UNITED STATES DISTRICT COURT FOR THE DISTRICT OF ARIZONA
Jan 10, 2017
No. CV-15-00855-PHX-GMS (D. Ariz. Jan. 10, 2017)

Opinion

No. CV-15-00855-PHX-GMS

01-10-2017

Federal Deposit Insurance Corporation, Plaintiff, v. Nova Financial and Investment Corporation, Defendant.


ORDER

Pending before the Court is the Motion to Enforce Settlement of Plaintiff Federal Deposit Insurance Corporation as Receiver for AmTrust Bank ("FDIC-R"). (Doc. 78.) For the following reasons, the Court grants the motion.

BACKGROUND

This case arises out of a Loan Purchase Agreement between Defendant Nova Financial and Investment Corporation ("Nova") and AmTrust Bank. AmTrust Bank was closed by the Office of Thrift Supervision in December 2009, and FDIC-R was appointed as Receiver. FDIC-R brought suit against Nova in the United States District Court for the Northern District of Ohio for breach of the Loan Purchase Agreement. The case was transferred to this district.

In February 2016, FDIC-R and Nova agreed to private mediation. On February 15, FDIC-R provided Nova and the mediator with a copy of their Confidential Mediation Statement. This document included a provision that "[a]ny settlement at mediation will be subject to the FDIC's customary settlement terms (see Ex. A), and even minor deviations from that form will need the approval of senior management of the FDIC." (Doc. 78-2 at 3.) Those "customary settlement terms" were attached in the form of a "Settlement and Release Agreement" ("FDIC Form"). The FDIC Form included a release provision, which stated in relevant part that "FDIC-R . . . hereby releases and discharges the Defendant and its respective heirs, executors, administrators, representatives, successors, and assigns, from any and all claims . . . that arise from or relate to the transactions contained within the cause of action alleged in the Action." (Id. at 7.) The mediator emphasized to FDIC-R, in an e-mail confirming that the FDIC Form had been shared with Nova, the importance of sharing the FDIC Form in advance so that "the language of that document should not become a sticking point if the economics are resolved." (Doc. 80-2 at 3.)

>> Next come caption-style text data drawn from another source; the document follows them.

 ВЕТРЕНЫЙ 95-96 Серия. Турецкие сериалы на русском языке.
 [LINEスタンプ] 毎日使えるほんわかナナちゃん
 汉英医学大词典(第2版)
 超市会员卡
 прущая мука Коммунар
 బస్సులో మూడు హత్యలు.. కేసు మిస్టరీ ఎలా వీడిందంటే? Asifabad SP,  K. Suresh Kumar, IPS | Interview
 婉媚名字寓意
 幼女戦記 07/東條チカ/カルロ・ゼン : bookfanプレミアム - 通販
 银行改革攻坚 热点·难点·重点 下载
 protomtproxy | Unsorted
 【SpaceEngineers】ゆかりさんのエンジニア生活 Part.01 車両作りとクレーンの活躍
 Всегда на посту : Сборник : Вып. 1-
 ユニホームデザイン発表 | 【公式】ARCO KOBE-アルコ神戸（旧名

Settlement negotiations took place on February 23. After failing to come to an agreement in person, the parties reached an oral settlement in a teleconference with the mediator that same evening. The mediator sent an e-mail to the parties to confirm the settlement. The e-mail summarized the agreement as follows:

1. NOVA will pay FDIC-R as receiver for AmTrust a total of $400,000.00.

2. NOVA will pay all costs of today's mediation, both its share and FDIC's, and FDIC will have no responsibility for any of the mediation costs.

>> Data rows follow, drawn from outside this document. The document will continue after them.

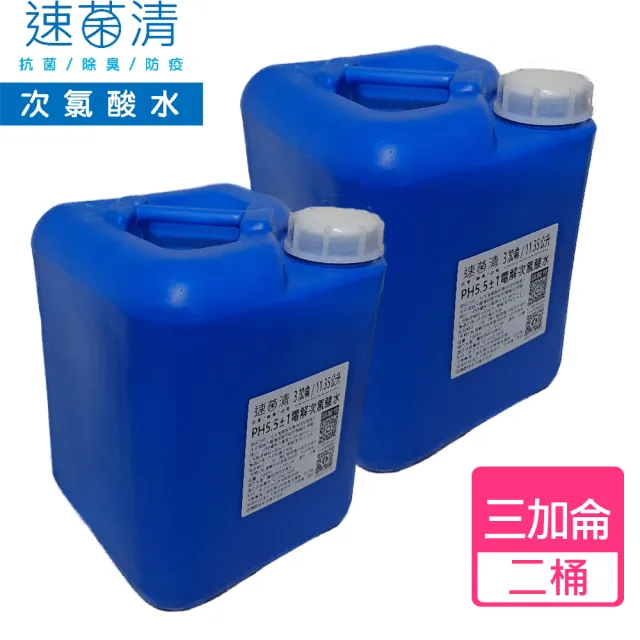 【速菌清】微酸性電解次氯酸水_11.35公升/3Gal豪邁桶(二桶)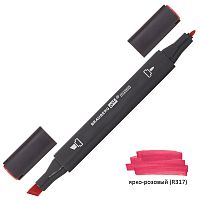 Маркер для скетчинга двусторонний BRAUBERG ART CLASSIC, 1 мм-6 мм , малиновый розовый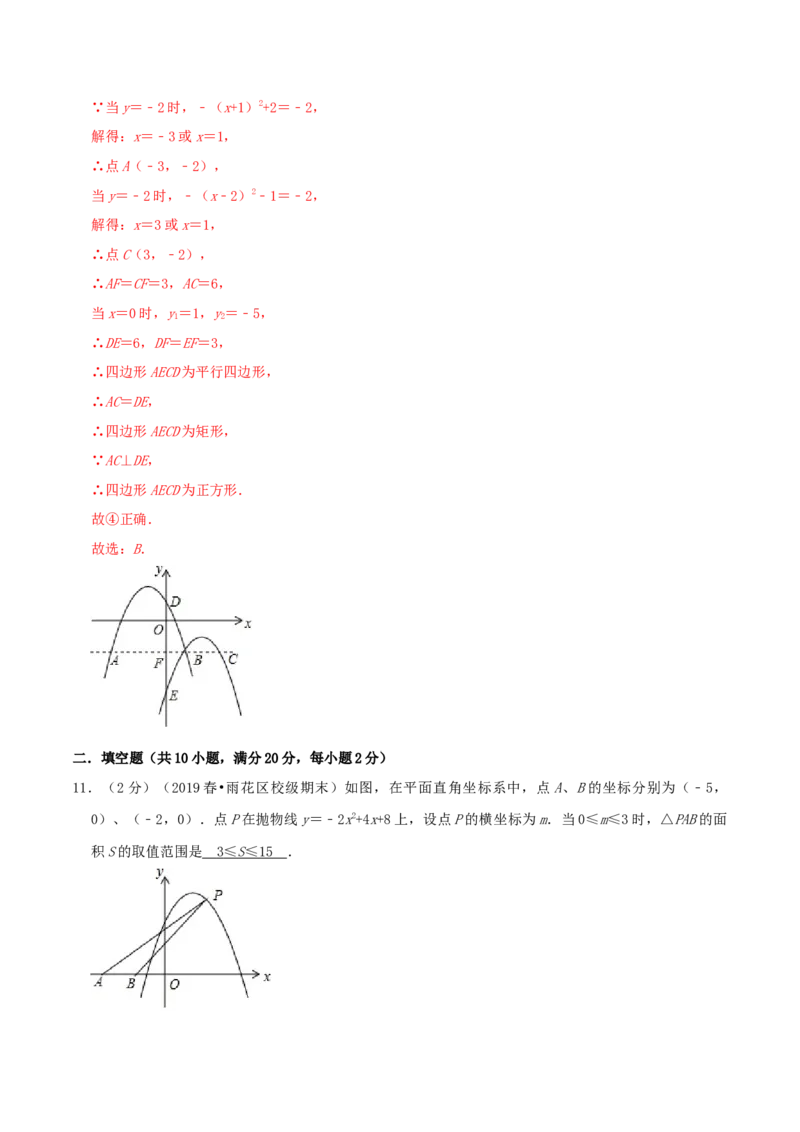 专题05二次函数的图像和性质（解析版）_初中数学人教版_9上-初中数学人教版_07专项讲练_挑战压轴题九年级数学上册压轴题专题精选汇编（人教版）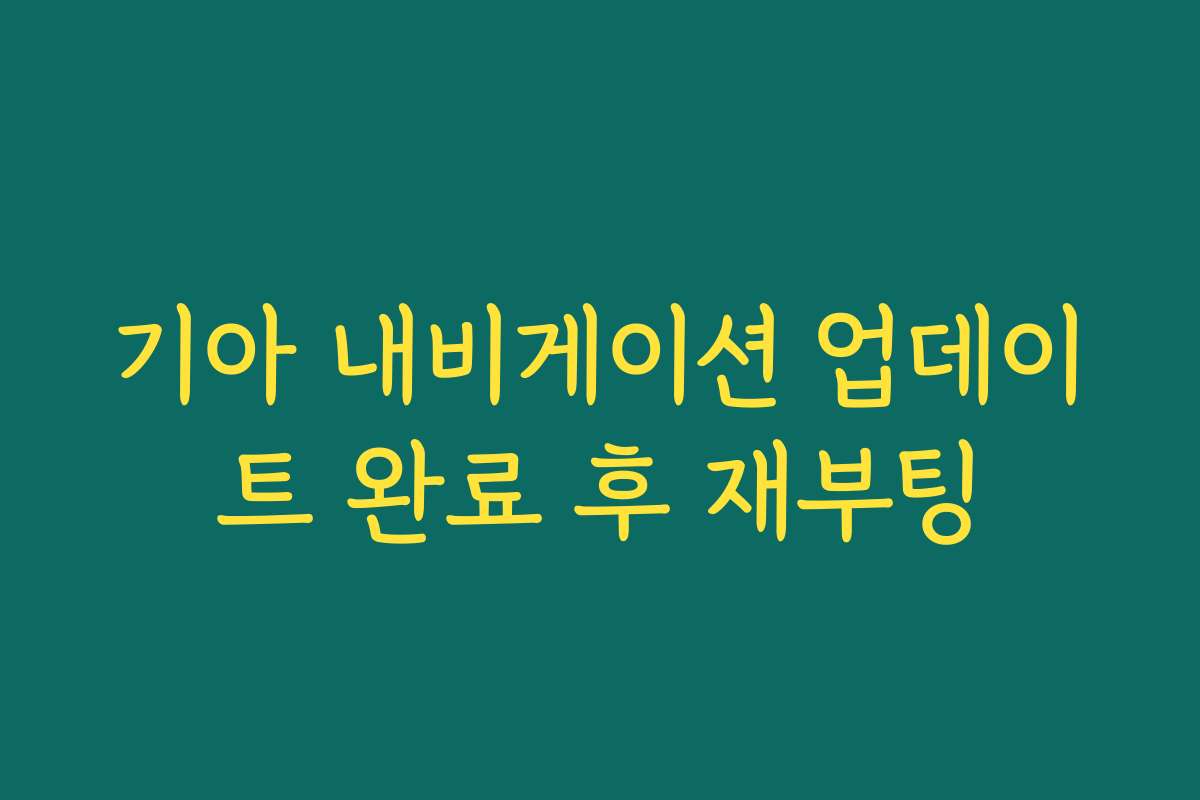 기아 내비게이션 업데이트 완료 후 재부팅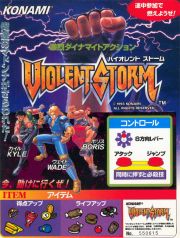 Violent Storm | Box Art / Media (Japan)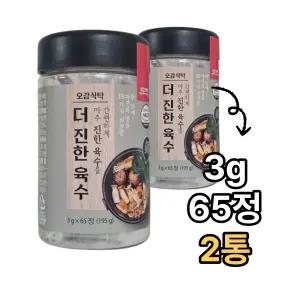 오감식탁 더진한육수 65정 코인동전 만능육수 2개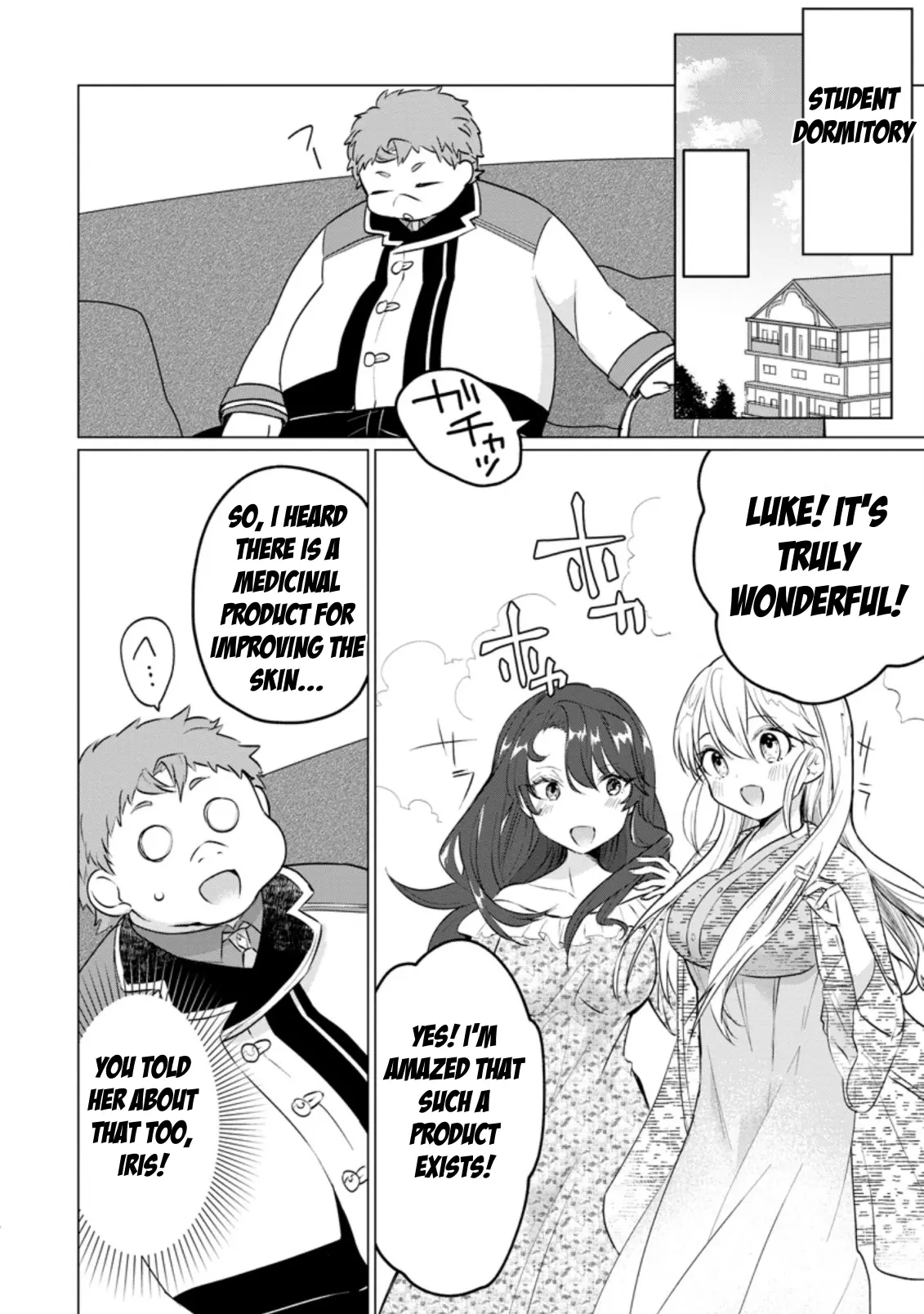 That Time I Got Reincarnated as a Disappointing Prince Chapter 17.1 - Page 6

3. The parties will enter into a settlement agreement for them to put in final form consistent with the form of stipulation FDIC presented with its mediation statement, to include a provision that (a) the two current actions pending against NOVA will be dismissed with prejudice and (b) FDIC-R will file no further claims or actions against NOVA based on any loans NOVA made to any person or entity and underwrote for or sold to AmTrust at any time.
(Doc. 78-3 at 2.) Neither party objected at that time to the mediator's description of the settlement. Neither party now argues that the parties had not reached an agreement, or that the mediator incorrectly summarized the agreement in the e-mail. (Doc. 79 at 2.) But within two days, a number of disagreements arose as the parties sought to reduce the agreement to writing. The parties have resolved all disagreements except one. That disagreement pertains to the scope of the release provision. FDIC-R maintains that the only parties released from liability were those listed in the FDIC Form, which encompassed "Defendant and its respective heirs, executors, administrators, representatives, successors, and assigns." (Doc. 78-8 at 5.) Nova, on the other hand, argues that the release as agreed to includes not just those people but also Nova's "employees, officers, directors, shareholders, subsidiaries, affiliates, [and] agents." (Doc. 78-10 at 5).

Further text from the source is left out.